A related lesson is that retirees should get used to being judged by their peers and people in the work force. You feel like you need to explain yourself a lot – how you’re “finding purpose” and even minutia like what time you get up in the morning, how much you’re working out and, of course, how much you’re travelling.
We recently reconsidered near-term plans with friends to head to visit a few European cities after checking the cost of the refundable tickets we all need because our aged parents have health challenges that occasionally require all hands on deck. Now, we’re going to Mexico City.
Our food budget has similarly been deflated by inflation. We have more time to go out for meals now, but we might just be doing it less than when I was working full-time. Meantime, our grocery spending has exceeded expectations by a lot. Food inflation gets a lot of the blame, but there’s also more time to make better meals.
Maybe the biggest realization about retirement is how hard it is to go from saving money to being a retiree spending your savings. My wife and I are in a transitional retirement phase right now, where she works full-time and I generate intermittent earnings. We have not yet withdrawn any money from our retirement savings, but that’s coming and I know I’ll need to mentally prepare.

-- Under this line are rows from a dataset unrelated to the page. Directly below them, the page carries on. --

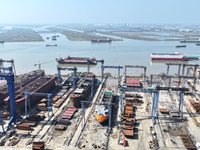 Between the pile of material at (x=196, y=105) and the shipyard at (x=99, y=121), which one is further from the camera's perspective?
the pile of material at (x=196, y=105)

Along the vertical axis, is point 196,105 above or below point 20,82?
below

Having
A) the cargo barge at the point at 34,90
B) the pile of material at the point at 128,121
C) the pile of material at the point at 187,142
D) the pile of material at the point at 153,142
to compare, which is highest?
the cargo barge at the point at 34,90

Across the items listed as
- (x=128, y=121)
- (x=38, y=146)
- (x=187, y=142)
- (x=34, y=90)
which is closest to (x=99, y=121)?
(x=128, y=121)

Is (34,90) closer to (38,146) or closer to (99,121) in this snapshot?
(99,121)

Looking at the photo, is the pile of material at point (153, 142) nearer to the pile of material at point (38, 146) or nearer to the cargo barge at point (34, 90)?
the pile of material at point (38, 146)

For now, the challenge is fighting a sense that we need to keep saving despite assurances from our financial planner that we’re well positioned. We have savings for emergencies and contingencies, but what if it’s not enough for a big health-, home- or family-related cost?
In retirement, you feel more financially vulnerable to these uncertainties. If you deplete your savings, how do you replenish them?
Something else I’ve realized is that retirement is good for your health. My most destructive habit was sitting for long periods at a computer. Sitting, as you may have heard, is the new smoking. My desk time now is about half what it was before, and much more broken up. My neck and lower back thank me for that.
I’m not working out much more than I did while I was employed full-time, but I am more consistent because I can head to my gym or go for a run any time and not feel rushed.
In conversations with others who have left the full-time work force, I have asked for their top tips. The answer that most sticks with me is to find activities, hobbies, work or whatever that gives you a more or less daily sense of accomplishment. You just read my latest attempt to do that.
Rob Carrick is a personal finance expert and former Globe and Mail staff columnist.